GAMA: Generative Agents for Multi-Agent Autoformalization
- URL: http://arxiv.org/abs/2412.08805v2
- Date: Tue, 18 Feb 2025 12:06:39 GMT
- Title: GAMA: Generative Agents for Multi-Agent Autoformalization
- Authors: Agnieszka Mensfelt, Kostas Stathis, Vince Trencsenyi,
- Abstract summary: We present a framework that enables the autoformalization of interaction scenarios using agents augmented by large language models (LLMs)<n>The agents translate natural language descriptions of interactions into executable logic programs that define the rules of each game.<n>A tournament simulation then tests the functionality of the generated game rules and strategies.

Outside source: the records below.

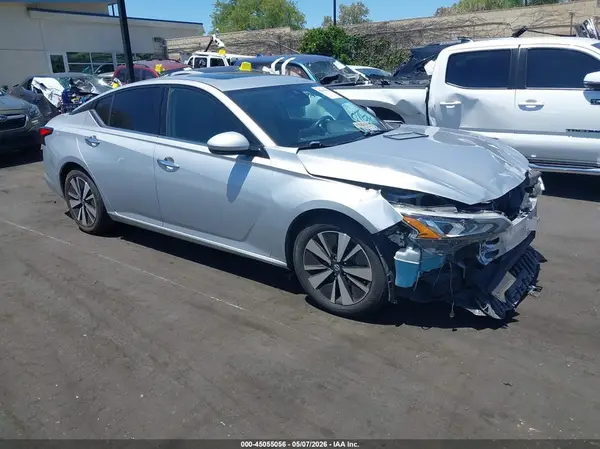 1N4BL4EV1KC221660 2019 NISSAN ALTIMA - Image 1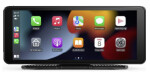 + tagurduskaamera / USB-C / 6,86" TFT ekraan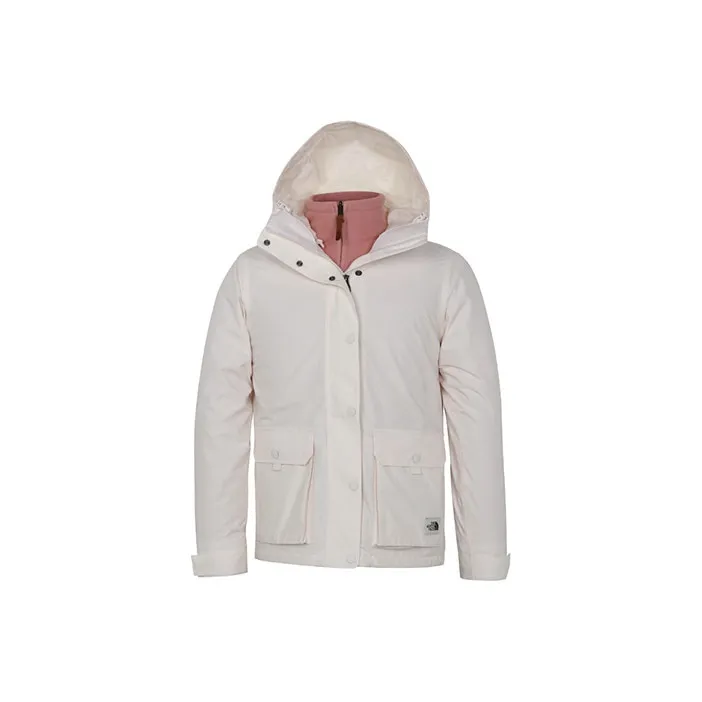 THE NORTH FACE Ветровка Женская Ecru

- Score: 3.5083201638203154
- License: http://arxiv.org/licenses/nonexclusive-distrib/1.0/
- Abstract: Multi-agent simulations facilitate the exploration of interactions among both natural and artificial agents. However, modelling real-world scenarios and developing simulations often requires substantial expertise and effort. To streamline this process, we present a framework that enables the autoformalization of interaction scenarios using agents augmented by large language models (LLMs) utilising game-theoretic formalisms. The agents translate natural language descriptions of interactions into executable logic programs that define the rules of each game, ensuring syntactic correctness through validation by a solver. A tournament simulation then tests the functionality of the generated game rules and strategies. After the tournament, if a ground truth payoff matrix is available, an exact semantic validation is performed. We evaluate our approach on a diverse set of 110 natural language descriptions exemplifying five $2\times2$ simultaneous-move games, achieving 100% syntactic and 76.5% semantic correctness in the generated game rules for Claude 3.5 Sonnet, and 99.82% syntactic and 77% semantic correctness for GPT-4o. Additionally, we demonstrate high semantic correctness in autoformalizing gameplay strategies. Overall, the results highlight the potential of autoformalization to leverage LLMs in generating formal reasoning modules for decision-making agents.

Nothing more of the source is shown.